— DIRECTIONS FOR THIS TASK —
In the records below, find the line with "Черный анальный вибратор" and the line with "Sculpted Crescent Solitaire". Print both exactly, along with every line between them, and no other line.

— EXERCISE DATA —
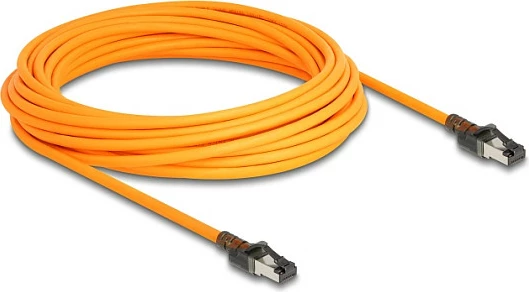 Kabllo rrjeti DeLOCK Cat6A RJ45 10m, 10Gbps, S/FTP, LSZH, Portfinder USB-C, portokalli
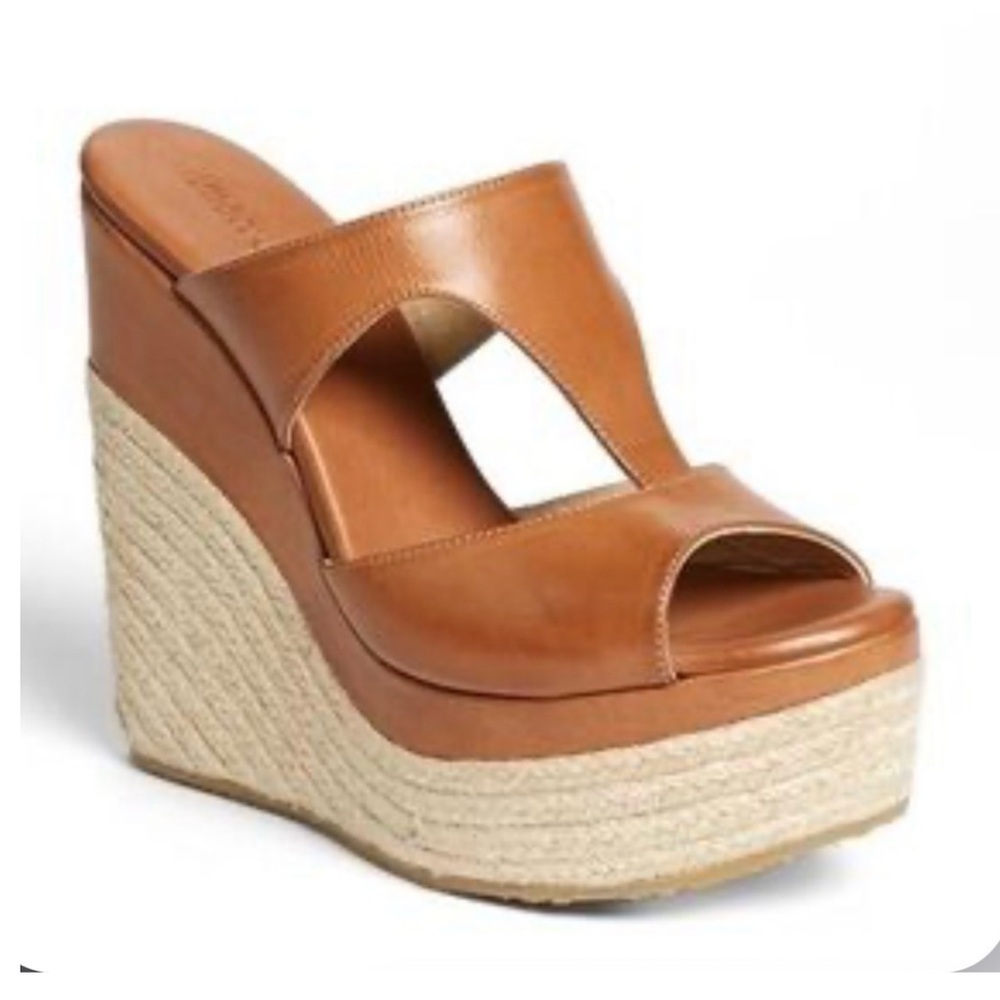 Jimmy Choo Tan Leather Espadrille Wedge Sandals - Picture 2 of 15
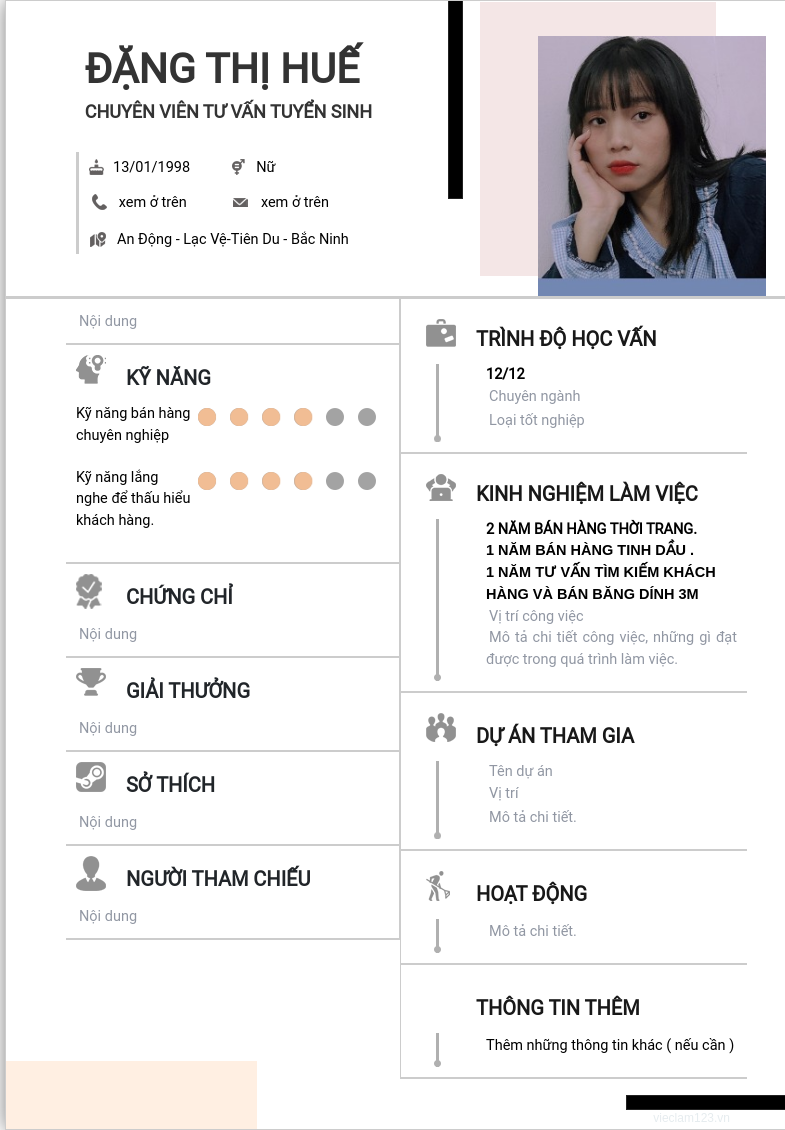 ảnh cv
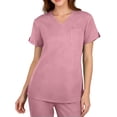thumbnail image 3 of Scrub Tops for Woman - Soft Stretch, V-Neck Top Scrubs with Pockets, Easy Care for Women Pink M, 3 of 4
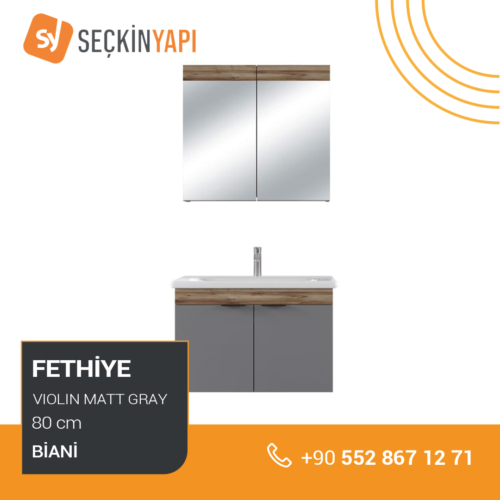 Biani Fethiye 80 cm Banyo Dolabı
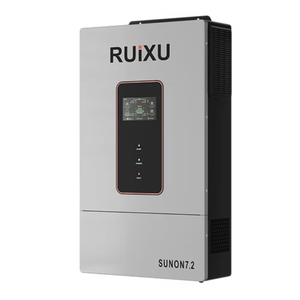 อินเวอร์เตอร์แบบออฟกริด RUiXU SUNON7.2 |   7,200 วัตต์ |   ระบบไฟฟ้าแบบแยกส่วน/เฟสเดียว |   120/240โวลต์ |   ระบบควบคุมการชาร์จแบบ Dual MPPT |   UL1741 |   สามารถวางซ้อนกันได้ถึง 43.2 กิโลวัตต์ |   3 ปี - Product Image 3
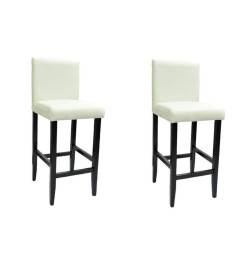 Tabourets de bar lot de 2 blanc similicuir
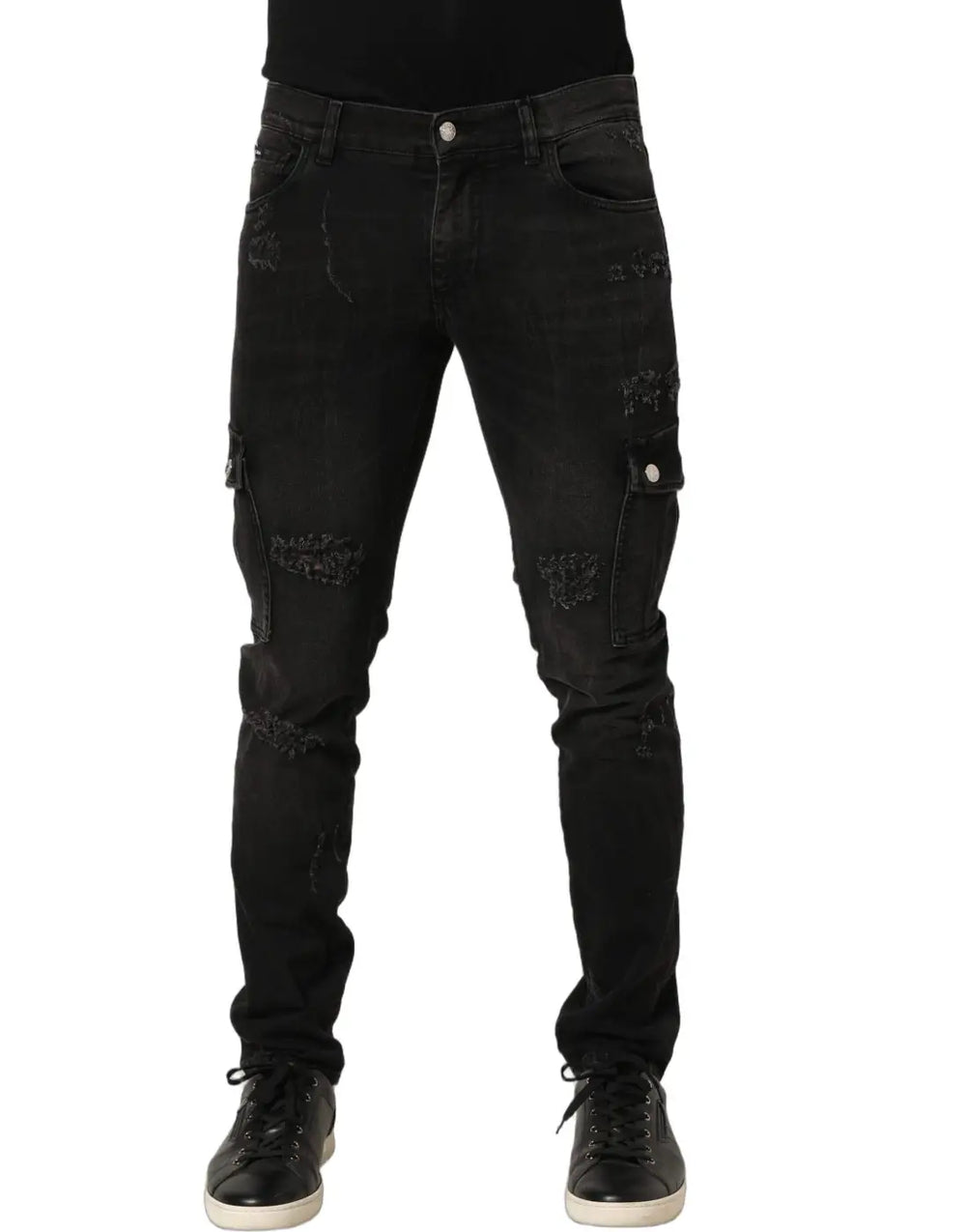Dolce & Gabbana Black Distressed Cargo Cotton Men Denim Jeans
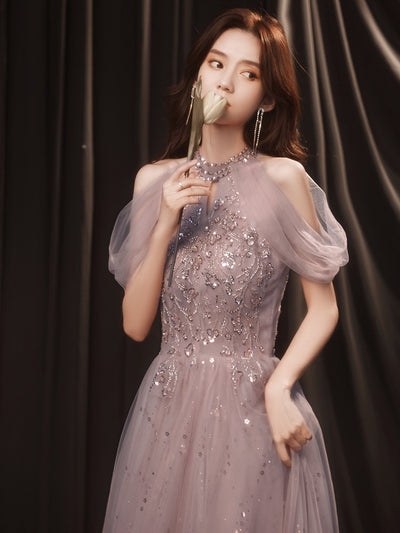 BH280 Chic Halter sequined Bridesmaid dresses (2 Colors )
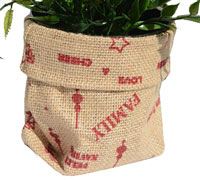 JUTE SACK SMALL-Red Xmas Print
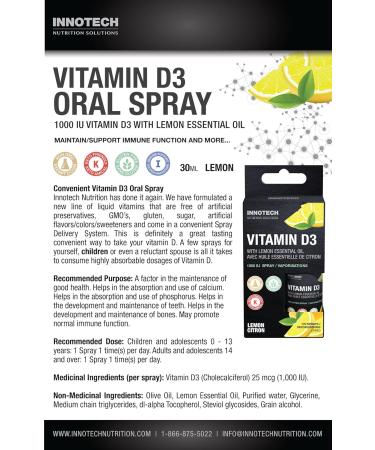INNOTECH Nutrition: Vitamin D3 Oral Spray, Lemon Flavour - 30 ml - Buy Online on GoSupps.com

--

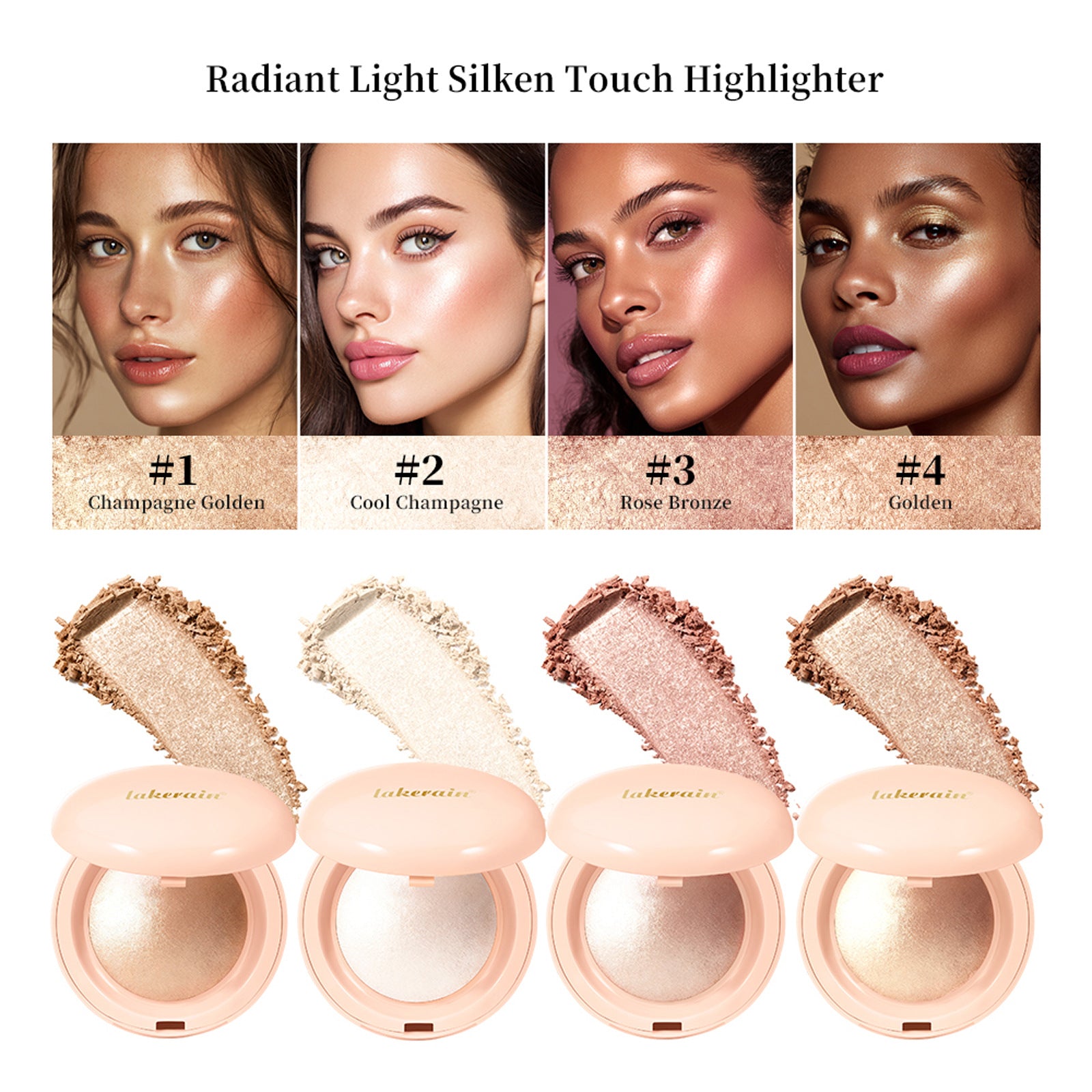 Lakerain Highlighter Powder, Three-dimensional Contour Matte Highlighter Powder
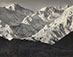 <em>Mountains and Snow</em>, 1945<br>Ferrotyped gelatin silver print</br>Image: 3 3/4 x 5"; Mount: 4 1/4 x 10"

...

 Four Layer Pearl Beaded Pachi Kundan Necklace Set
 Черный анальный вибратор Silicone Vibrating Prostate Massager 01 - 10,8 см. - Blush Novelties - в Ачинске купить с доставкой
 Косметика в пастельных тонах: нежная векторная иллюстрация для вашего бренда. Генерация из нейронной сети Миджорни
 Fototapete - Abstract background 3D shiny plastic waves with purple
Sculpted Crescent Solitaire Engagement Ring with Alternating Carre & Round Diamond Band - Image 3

— SOLUTION TO THIS EXERCISE —
 Черный анальный вибратор Silicone Vibrating Prostate Massager 01 - 10,8 см. - Blush Novelties - в Ачинске купить с доставкой
 Косметика в пастельных тонах: нежная векторная иллюстрация для вашего бренда. Генерация из нейронной сети Миджорни
 Fototapete - Abstract background 3D shiny plastic waves with purple
Sculpted Crescent Solitaire Engagement Ring with Alternating Carre & Round Diamond Band - Image 3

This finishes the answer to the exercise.